Cream of Chicken and Potato Soup
Cream of Chicken and Potato Soup

It’s a beautiful, chilly fall day here in South Jersey. My boys stopped by to visit today, so I thought I’d treat them to a comforting homemade soup. This soup reminds me of my chicken potpie filling, just a lot easier. I stopped at the food store after church and picked up a fresh rotisserie chicken to make the task a little easier. I want to cook them a homemade soup but have time to enjoy their company as well. Will call this semi homemade! The soup couldn’t be easier to put together. I peeled and chopped the veggies and put them in the pot, covered them with the stock cooked them till they were tender, and then added the prepared chicken.  While the veggies are cooking I made the white sauce then combined the two and our soup was ready. It’s rich and hearty, and tastes like it took hours to make. We all enjoyed the soup and spending some time together.
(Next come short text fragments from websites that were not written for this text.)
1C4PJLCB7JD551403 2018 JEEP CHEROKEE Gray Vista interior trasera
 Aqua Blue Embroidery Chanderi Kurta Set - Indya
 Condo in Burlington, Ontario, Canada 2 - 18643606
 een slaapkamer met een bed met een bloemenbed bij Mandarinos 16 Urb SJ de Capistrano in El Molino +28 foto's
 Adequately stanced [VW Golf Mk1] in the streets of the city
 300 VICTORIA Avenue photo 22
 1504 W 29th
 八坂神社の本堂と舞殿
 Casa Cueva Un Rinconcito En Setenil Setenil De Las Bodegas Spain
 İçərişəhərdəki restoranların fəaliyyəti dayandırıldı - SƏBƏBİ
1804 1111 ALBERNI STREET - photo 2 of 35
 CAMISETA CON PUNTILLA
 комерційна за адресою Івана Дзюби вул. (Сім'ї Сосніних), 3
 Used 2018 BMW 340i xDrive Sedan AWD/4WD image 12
Having my boys for a visit made my Sunday an extra special day.

Base of the soup.
Base of the soup.
White Sauce.
White Sauce.
Base of soup and white sauce combine.
Base of soup and white sauce combine.
Cream of Chicken and Potato Soup.
Cream of Chicken and Potato Soup.

Cream of Chicken and Potato Soup

Soup Base

5 Cups russet potatoes, peeled, washed and cut into 1 inch chunks

1 small onion, chopped

3-4 Carrots, peeled wash a cut into ½ inch rounds

2 Bay leaves

4 Sprigs of thyme remove the leaves and discard the stems

2 Boneless skinless chicken breasts, cooked and cut into bite sized pieces, or the breast of one rotisserie chicken cut into bite sized pieces.

3-4 Cups chicken stock

½ Teaspoon kosher salt and ¼ teaspoon fresh cracked pepper to taste

Fresh parsley to garnish

White Sauce

5 Tablespoons butter

5 Tablespoons all-purpose flour

2 cups milk, whole or 2 percent

In a large pot add the potatoes, onion, fresh thyme, bay leaves, salt, pepper, and chicken stock. The stock should just cover the vegetables. Bring to a boil over medium high heat. Lower to medium heat to simmer the vegetables until they are fork tender. About 12-15 minutes. Add the cooked chicken. Remove the bay leaves. To make the white sauce, melt the butter in a large fry pan over medium low heat. Add the flour to the butter and stir with a whisk. Cook while stirring for 1-2 minutes to cook out the flour taste from the butter. Turn the gas up to a medium high heat and add the milk slowly while whisking into the butter and flour mixture. Whisk till the mixture becomes thick and bubbly. With a wooden spoon add the white sauce to the vegetable mixture over medium heat slowly to combine. Taste for the seasoning you may want more salt or pepper at this point. Garnish with fresh parsley before serving. Cook 5-10 minutes more and serve or simmer on a very low flame till you are ready to serve.

If you would like to make this soup vegetarian use vegetable stock and omit the chicken. You could add celery and more carrots to make it a little heartier.

Listen! the wind is rising, and the air is wild with leaves, we have had our Summer evenings, now for October eves!